Please write out the listing exactly, leaving each picture out.

Data segment
——

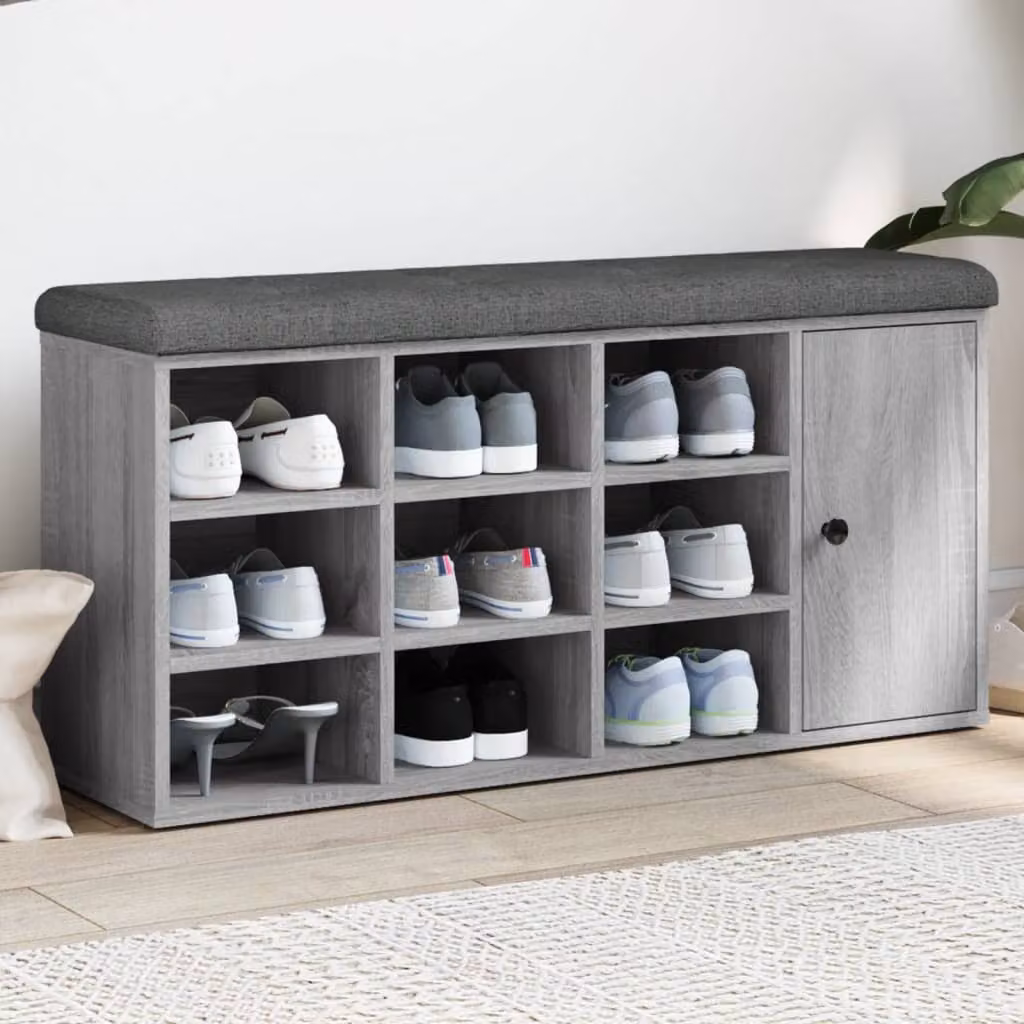 Panca porta scarpe vidaXL moderna in legno e MDF grigia L: 110 cm, P: 32 cm, H: 50 cm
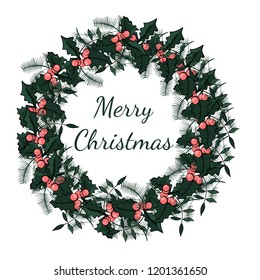 Vector round frame for Christmas cards and winter design. Vector layout with copyspace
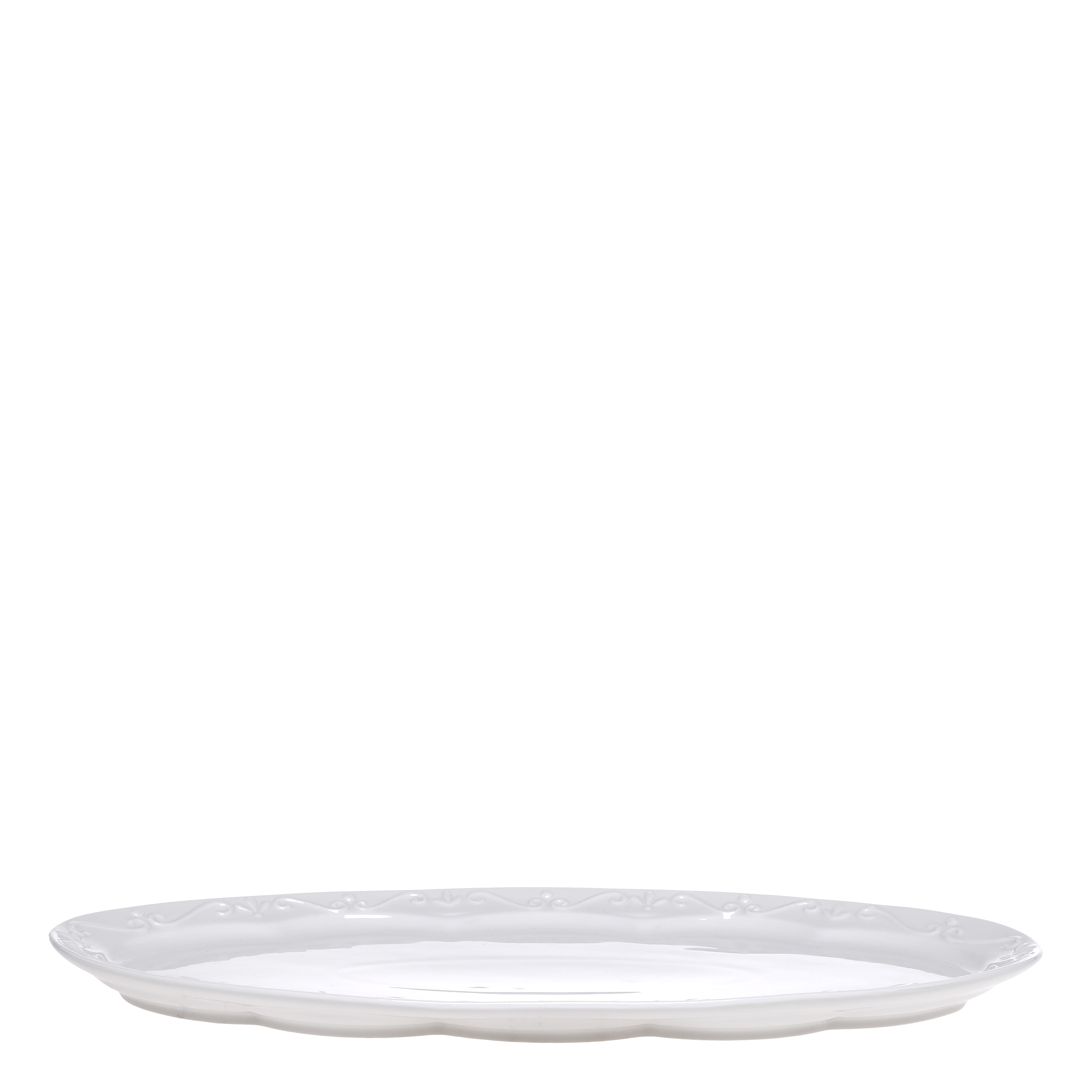 Küche Tablett oval 40 cm lang, Porzellan weiß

——

Exercise result
 Panca porta scarpe vidaXL moderna in legno e MDF grigia L: 110 cm, P: 32 cm, H: 50 cm
 Vector round frame for Christmas cards and winter design. Vector layout with copyspace
 Küche Tablett oval 40 cm lang, Porzellan weiß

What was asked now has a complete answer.